Shadrack, on the other hand, represents the respective opposing force to Helene’s narrative function. Though Shadrack is clearly oppressed by war and marginalized, it is his indifference to belonging that gives him the key to understanding life and death without fear of either. Racial, gendered, and sexual promiscuity that the town perceives as evil in Sula do not effect Shadrack because his is almost completely separated from the community. Through Plum and Shadrack experience the same residual effects of war they both react in two very different ways. Plum turns to drugs and Shadrack decides to express agency in a way that gives him a renewed sense of self. In war, Shadrack views a soldier get his head blow off, Morrison describes, “the rest of the soldier’s head disappeared under the inverted soup bowl of his helmet” (8). It does not matter if the soldier is black or white what matters is the literal consumption of bodies in war that make men disposable agents of the state. In order to combat this role Shadrack creates National Suicide Day as a way to demonstrate the control and order he can have over death.
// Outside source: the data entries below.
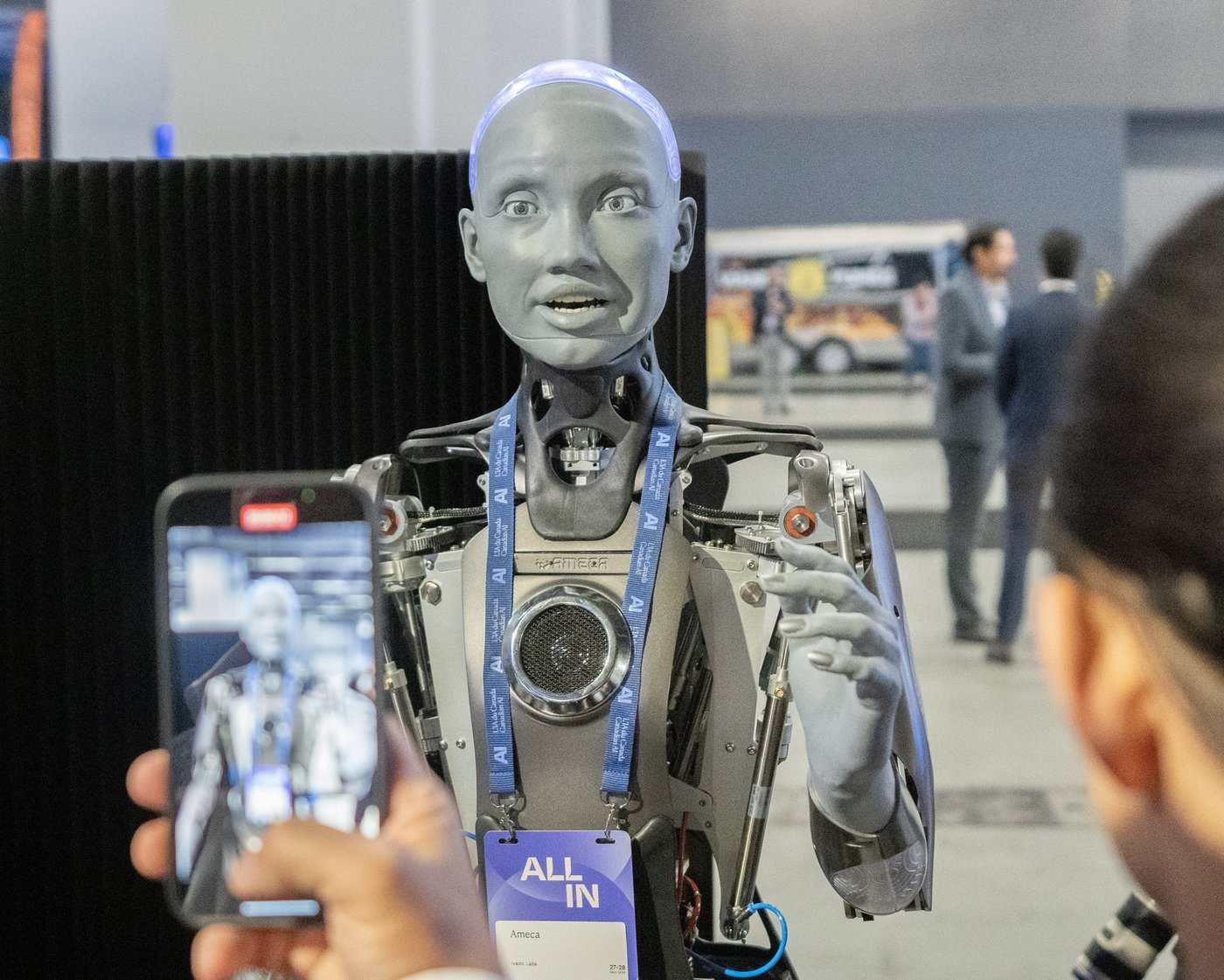 PM Carney to announce federal artificial intelligence strategy in Toronto today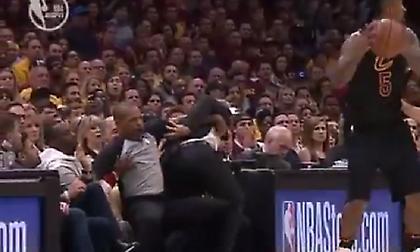 «Τράκαρε» με διαιτητή ο προπονητής των Σέλτικς (video)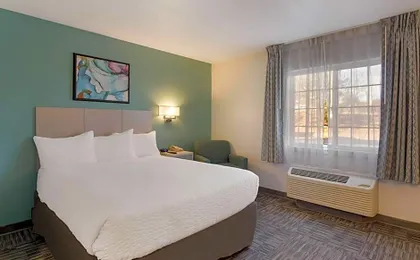 MainStay Suites Omaha Old Mill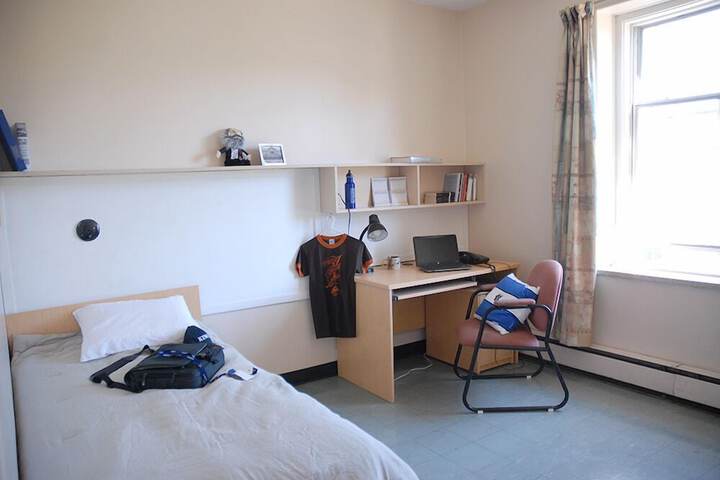 Room 12 of 31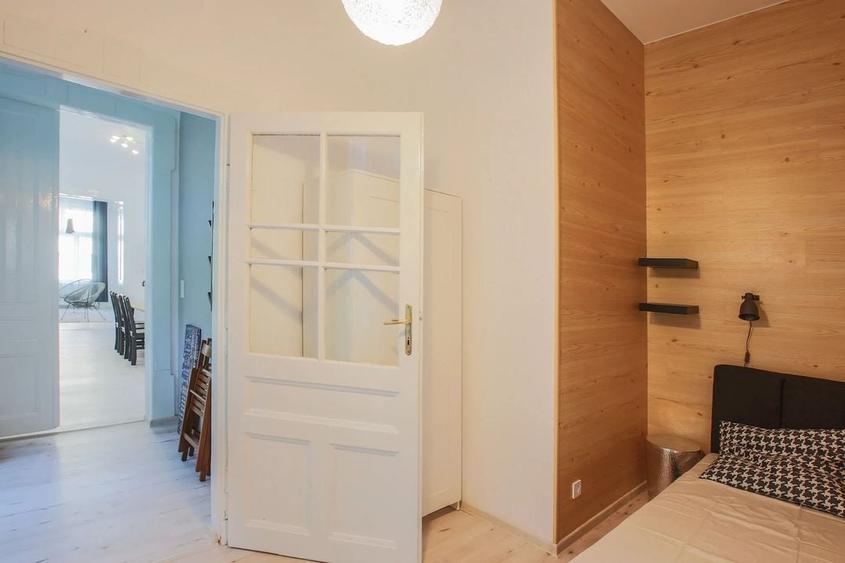 Chirie, apartament 2 dormitoare, central 550 E/lună (neg). Comision 0. - 3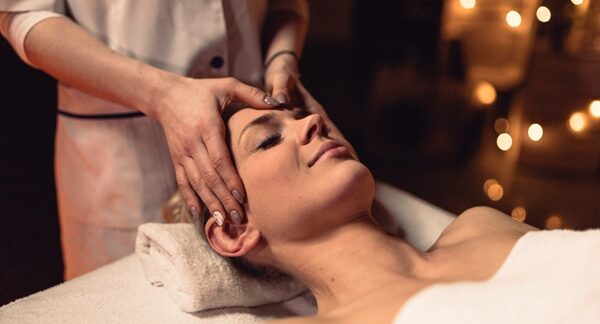 Spas - Mujer en un día de spa y masajes de relajación en uno de los mejores spas en Madrid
Shadrack does not fear the ultimate threat of non-existence which is a tool of white power structures but rather he orchestrates a way in which he can exist in a liminal space of separateness from anything and all things that can hurt him.

What Morrison argues through these texts and through all of her texts is that she has the right to interrogate how political, economic, and social institutions attempt to control black people and how black people react when they are faced with these challenges. In both Sula and Song of Solomon Morrison uses words like veteran, exceptional, and black to describe her characters but in using these words she attempts to show the meaning of these words void of white ideology. For example, blackness in The Bottom does not have a negative connotation, whiteness does. It is imperative in these two works to understand how language and ideologies function within a black community that do not lean on white oppression to garner meaning. Morrison writes in her essay “Unspeakable Things Unspoken”, “The most valuable point of entry into the question of cultural distinction, the one most fraught, is its language-its unpoliced, seditious, confrontational, manipulative, inventive, disruptive, masked and unmasking language” (17). Morrison uses language and the ideologies of her characters to show varying sides of the black condition and how these characters function both in and outside of white ideologies. Characters like Pilate and Shadrack and ultimately Milkman in the end of Song of Solomon are able to subvert white ideologies and in doing so demonstrate how blackness can be, in and of itself, a neutral term that does not necessitate whiteness or white ideologies to validate it.